OK, I'm back. The last month has been crazy, with all kinds of familial obligations, a change of address, an injury, a couple of minor obsessions (of which blogging clearly wasn't one), a seemingly catastrophic computer issue that turned out not to be, and the short-lived acquisition of some barely grammatical (but still serviceable) Italian. I've also been prepping for the Chicago marathon. I suppose all this is behind the unprecedented (at least since Feb 2003) failure to blog around here, but there's also just the fact that it seems to get harder to start writing again the longer I go without writing.

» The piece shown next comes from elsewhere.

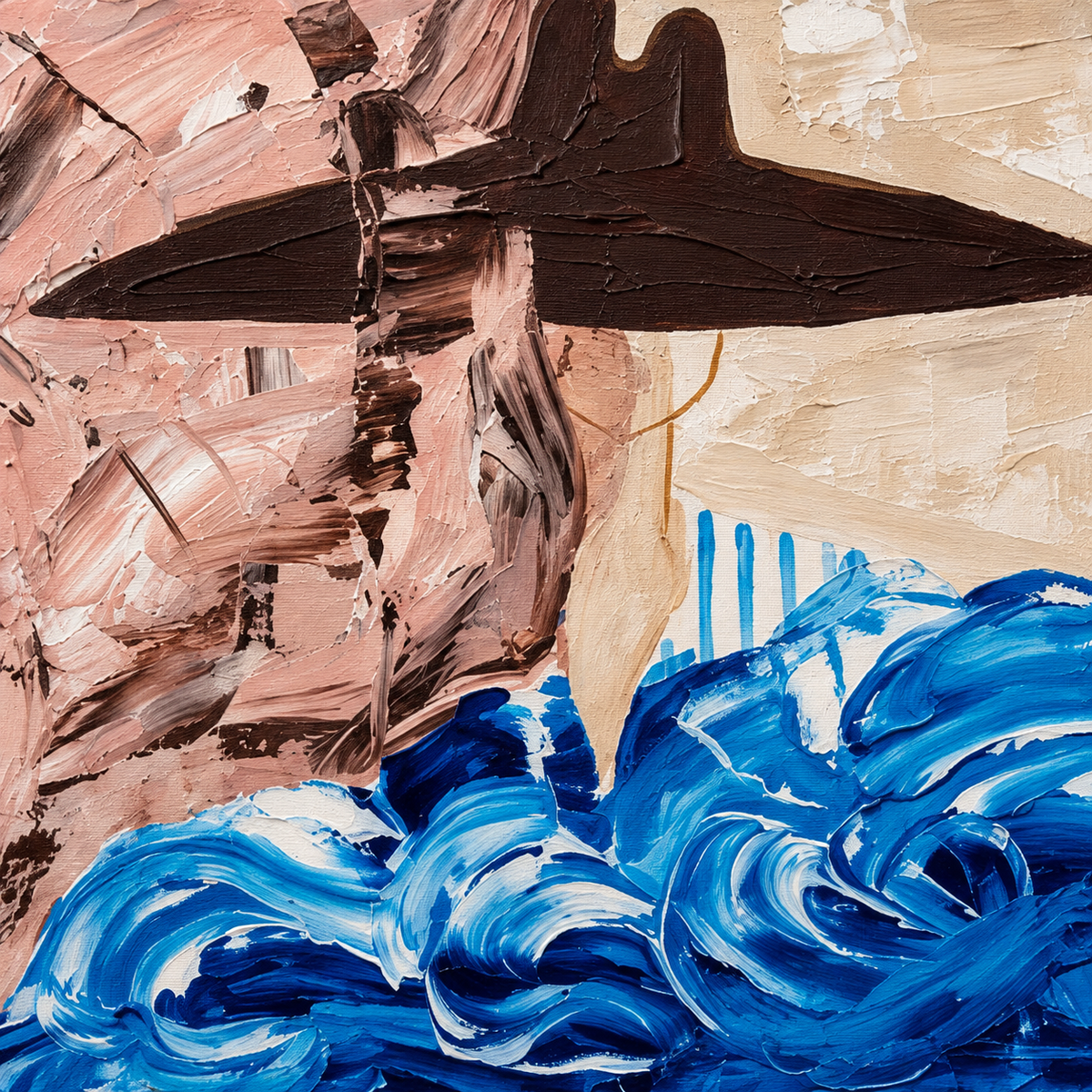 ARBYNART Americana Art | Azure Tide with Floating Hat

Anyway, I'll be back with more soon about Head Start, which has been on my mind lately because of my job, but for now let me just link to this post on the demise of theory, which ties it to the 20th century avant garde (subsequently arguing that, as with the avant garde, some theory will essentially go mainstream while the rest just vanishes). I don't have much to say about this comparison, but I found the article depressing because the whole argument is predicated on the notion that the avant garde is passe, which I find incomprehensible and somewhat disorienting. Maybe the avant garde is too central to my conception of art in the first place, but I don't see how the contemporary formulation of art as oriented toward experience, and in particular political experience, does anything for art or for experience. It's as if art is moving toward a sort of made for TV movie paradigm, because our experiences have to be validated. Isn't that kind of boring? Maybe you can tell I've been reading Andre Breton.
Finalmente.
Thanks Venkat -- it's nice to know someone missed me! Although it seems like a lot of people have been slowing down lately. That time of year, maybe?
Good to see you back! Hope the injury wasn't anything too serious.
It was just an ankle sprain -- not all that serious, except that it's taken me away from running a little right when we're getting to the biggest mileage in the marathon runup. But I think I'll still be good to run.